After locating the line with "Wall Art #MI147", repeat it and every following line to the end of the listing, exactly. Omit the pictures.

■ COLLECTED MATERIAL ■

▬▬▬▬▬▬▬▬▬▬

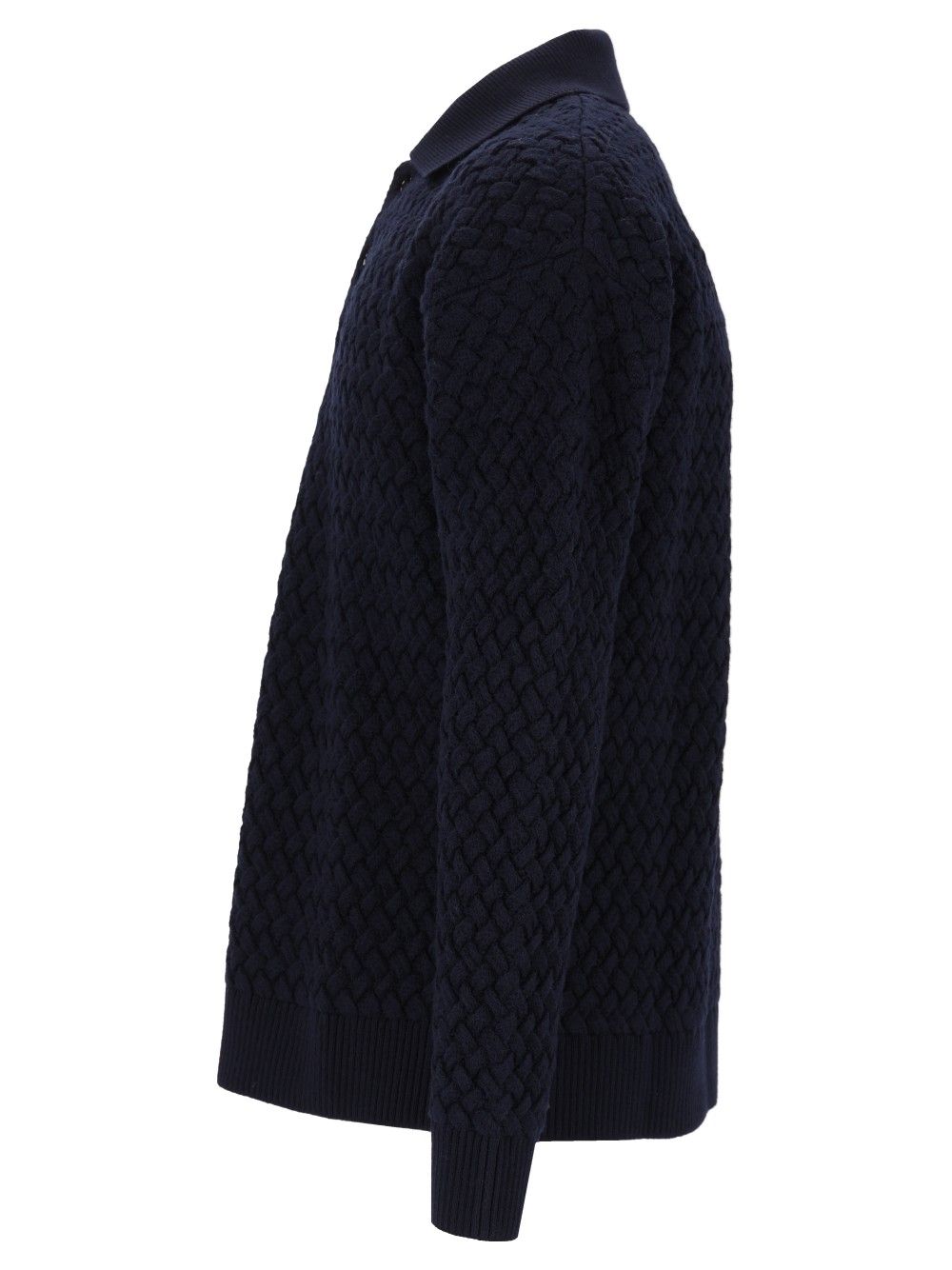 Bottega Veneta Woven Wool Polo Shirt Knitwear - Blue | a4be414a9e13ae9d65e92aa5650909627eee76eb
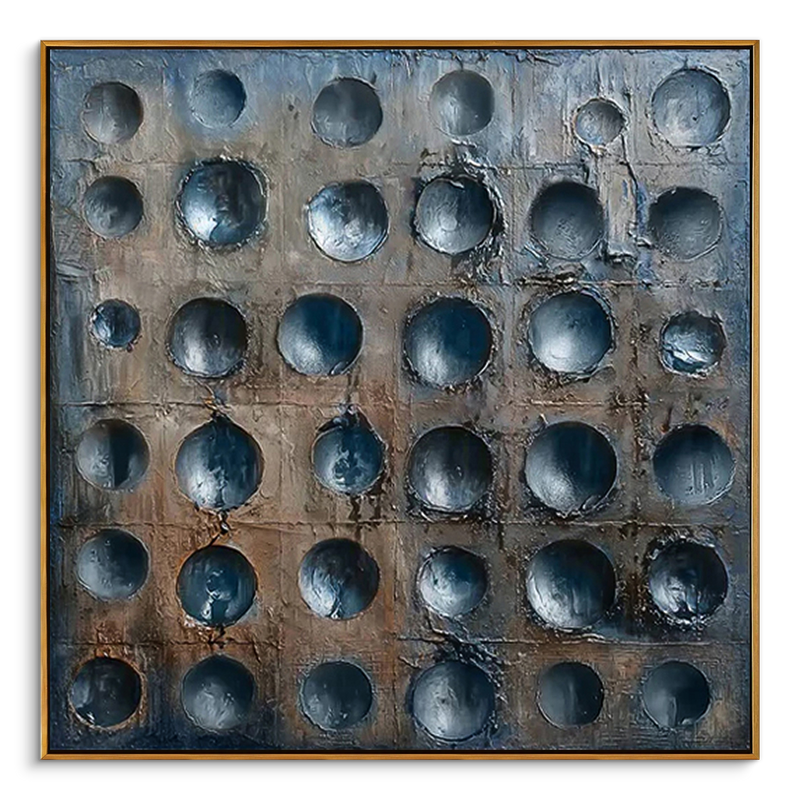 "Abyssal Order" – Avant-Garde Recessed Relief Industrial Painting | Dark Aesthetic Heavy Texture 3D Wall Art #MI147
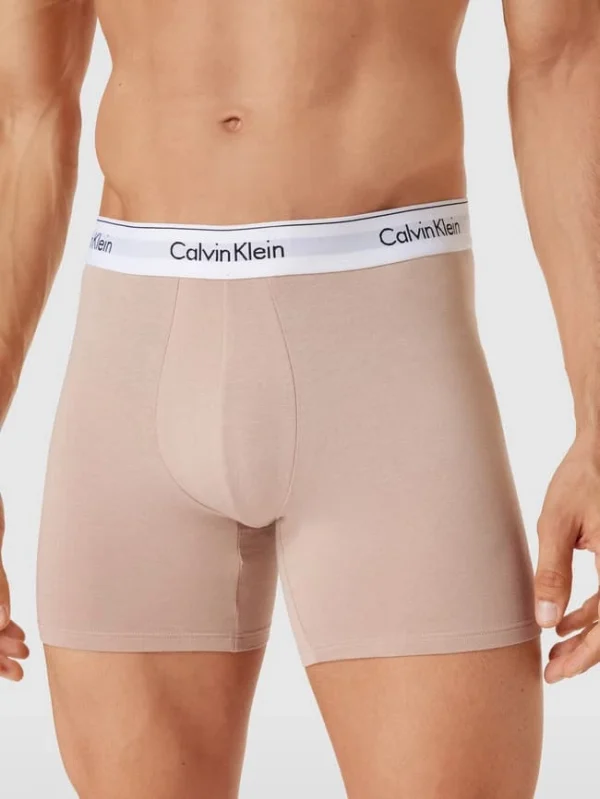 Aktion ? Calvin Klein Underwear Trunks Mit Logo-Bund Im 3er-Pack Modell ‘BOXER’ – Camel ? 4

▬▬▬▬▬▬▬▬▬▬

■ WRITTEN RESPONSE ■
 "Abyssal Order" – Avant-Garde Recessed Relief Industrial Painting | Dark Aesthetic Heavy Texture 3D Wall Art #MI147
 Aktion ? Calvin Klein Underwear Trunks Mit Logo-Bund Im 3er-Pack Modell ‘BOXER’ – Camel ? 4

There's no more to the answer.